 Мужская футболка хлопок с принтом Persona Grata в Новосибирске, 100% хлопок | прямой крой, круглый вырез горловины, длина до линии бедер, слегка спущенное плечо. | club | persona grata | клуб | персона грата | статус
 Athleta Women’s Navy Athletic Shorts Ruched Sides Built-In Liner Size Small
...
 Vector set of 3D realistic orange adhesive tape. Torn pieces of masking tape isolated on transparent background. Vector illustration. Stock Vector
---
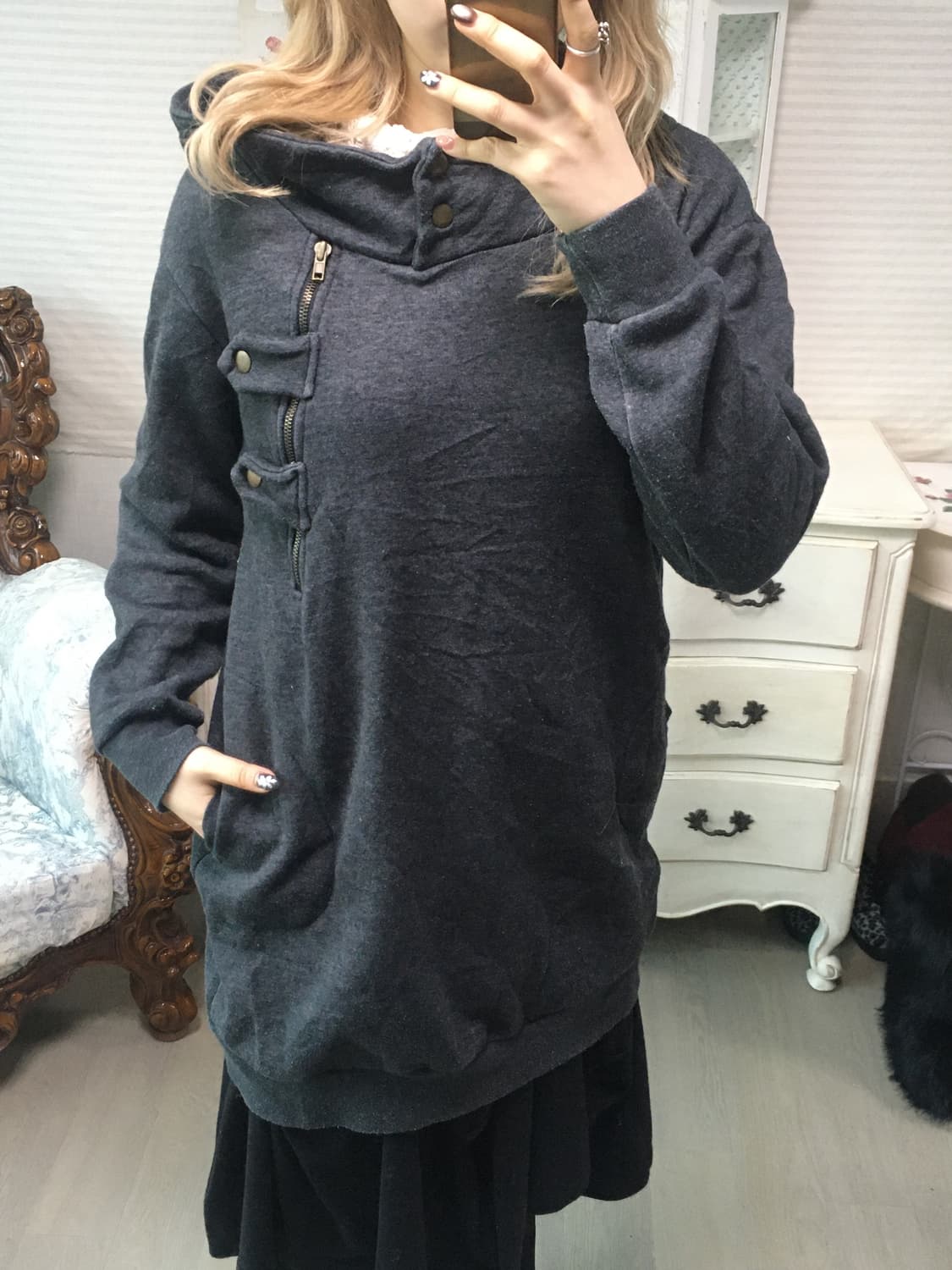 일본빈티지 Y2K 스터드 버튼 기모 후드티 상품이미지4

◆ **WHAT THE TASK REQUIRES**
Restate word for word only the lines above from the line containing "Мужская футболка хлопок" to the line containing "Athleta Women’s Navy", both of them included.

◆ **RESPONSE FOR THIS EXERCISE**
 Мужская футболка хлопок с принтом Persona Grata в Новосибирске, 100% хлопок | прямой крой, круглый вырез горловины, длина до линии бедер, слегка спущенное плечо. | club | persona grata | клуб | персона грата | статус
 Athleta Women’s Navy Athletic Shorts Ruched Sides Built-In Liner Size Small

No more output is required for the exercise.